The image, which New Horizons took on Tuesday when it was less than 5 million miles (8 million kilometres) from Pluto, shows a large, heart-shaped feature on the dwarf planet's surface that measures about 1,200 miles (2,000 kilometres) wide.
To its left lies an 1,860-mile-long (3,000-kilometre-long) dark patch along Pluto's equator that mission scientists are calling the "whale". Above those features is a polar region that is intermediate in brightness.
This view is centred roughly on the area that will be seen close-up during New Horizons' closest approach on July 14 . This side of Pluto is dominated by three broad regions of varying brightness.
"The next time we see this part of Pluto at closest approach, a portion of this region will be imaged at about 500 times better resolution than we see today. It will be incredible!," said Jeff Moore, Geology, Geophysics and Imaging Team Leader of Nasa's Ames Research Center.
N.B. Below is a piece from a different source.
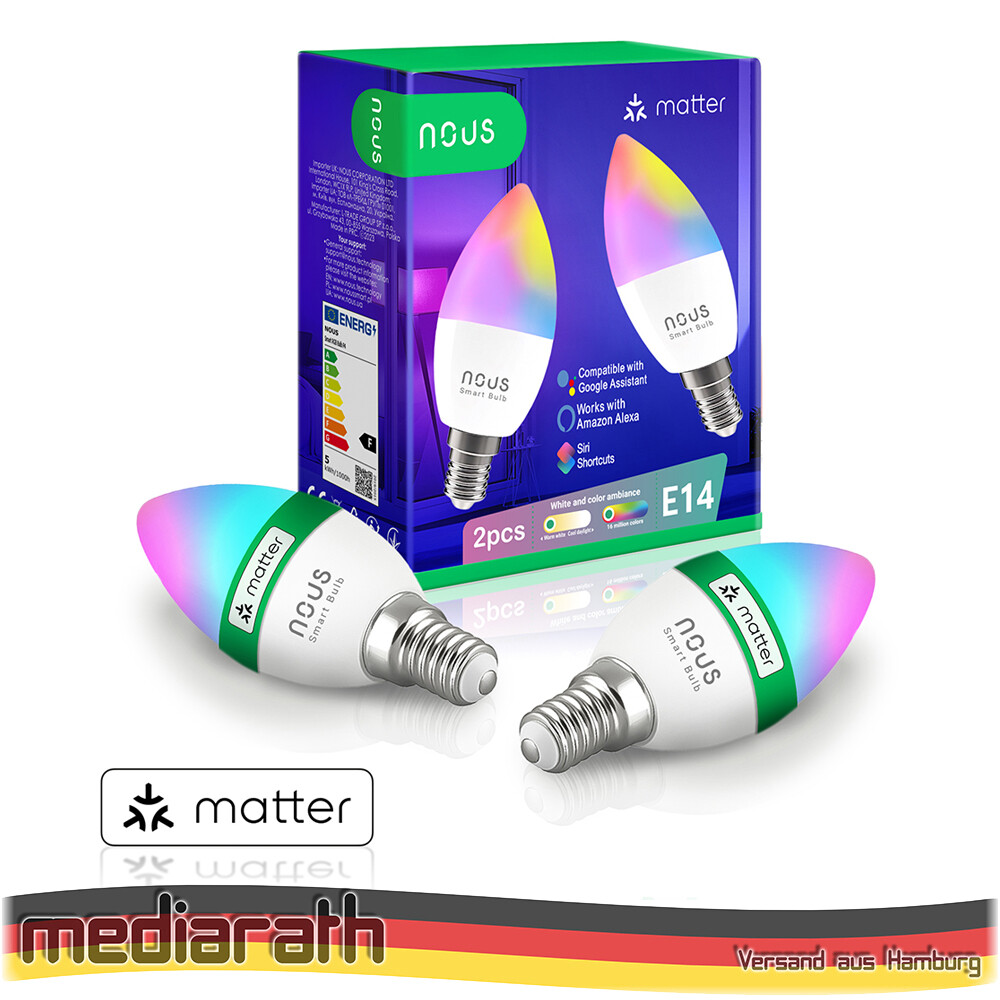 2X NOUS P4 Smart LED WiFi Matter Bulb Lampe RGB 4,5 Watt E14 Sockel 2700-6500K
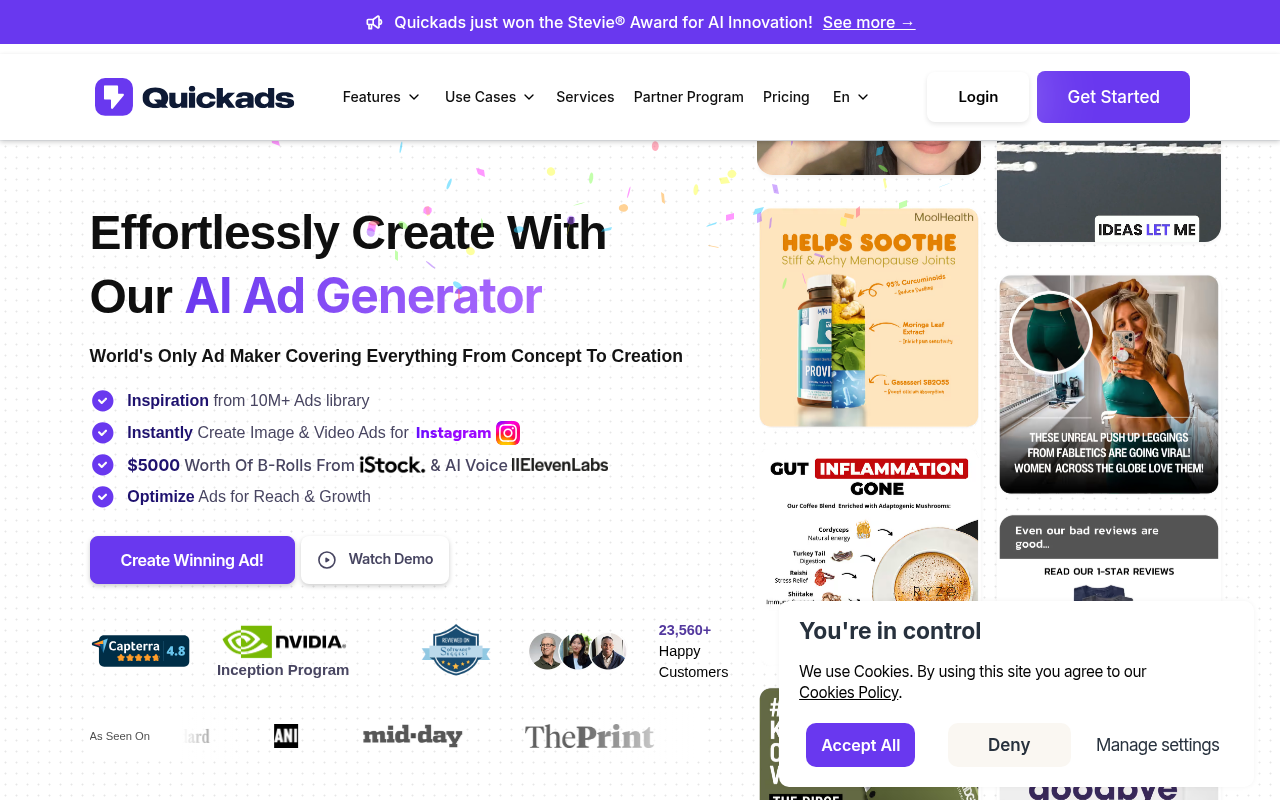 Screenshot of Quickads AI: Generate High-Converting Ads in Seconds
Pluto's closest approach is scheduled for next Tuesday, when New Horizons will pass within 6,200 miles (10,000 km) of the dwarf planet's surface, travelling at a speed of 27,000 miles (43,000 km) per hour.
After a voyage of nine years, New Horizons is almost 3 billion miles (4.8 billion km) away, where radio signals, even travelling at the speed of light, need 4.5 hours to reach Earth. Round-trip communication between the spacecraft and its operators requires about nine hours.